Suppose we are discussing an important issue with an expert. To understand their position on the issue, we will contemplate the words they speak. Significantly, we can often gain further understanding by contemplating what they don’t speak. 

For example, suppose a police chief gives a press conference about the murder of someone prominent in a city, but doesn’t mention the suspect’s name. That silence would be telling. What might it tell? Maybe the suspect and the victim belong to two mutually hostile communities, and the police want to prevent communal riots. 

What is not spoken may tell as much as, if not more than, that what is spoken. How can we sense the message conveyed through silence? By considering three things: context; (missing) content; and cause 

Let’s apply this three-step approach to the Bhagavad-gita and explore the message it conveys through silence:

Context: The Gita is spoken on a battlefield to the powerful warrior, Arjuna, who was unwilling to fight (01.46) — and it concludes with Arjuna ready to fight (18.73). 

(Missing) content: A message meant to get someone to fight would naturally contain the key reasons for the fight. In the Gita’s context, such reasons would include the atrocities committed by the opponents, the Kauravas, against Arjuna’s loved ones — especially egregious was their attempt to disrobe Draupadi in the royal assembly. Yet the whole Gita contains not one reference to any of these. 
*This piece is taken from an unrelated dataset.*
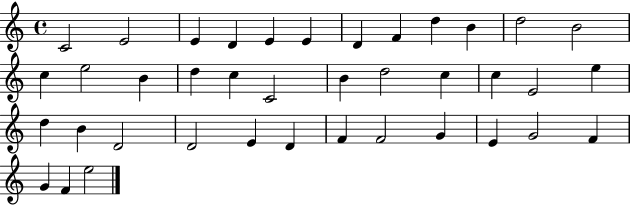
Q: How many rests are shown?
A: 0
Cause: The Gita’s silence points strongly to its central purpose: the Gita was spoken not merely to somehow get Arjuna to fight; it was spoken to share universal principles of living  that would apply not just to Arjuna but to all of humanity for all time to come. That those principles required Arjuna to fight was only circumstantial — a call to arms is by no means the Gita’s core message. By thus appreciating its purpose, we can avoid the pitfall of reducing the Gita to a justification for violence. 

One-sentence summary:

Silence can be telling — it just tells quietly. 

Think it over:

  • How can we sense the message conveyed by silence?
  • What is the Gita silent about? 
  • What does this silence tell?

***

01.46: Sanjaya said: Arjuna, having thus spoken on the battlefield, cast aside his bow and arrows and sat down on the chariot, his mind overwhelmed with grief.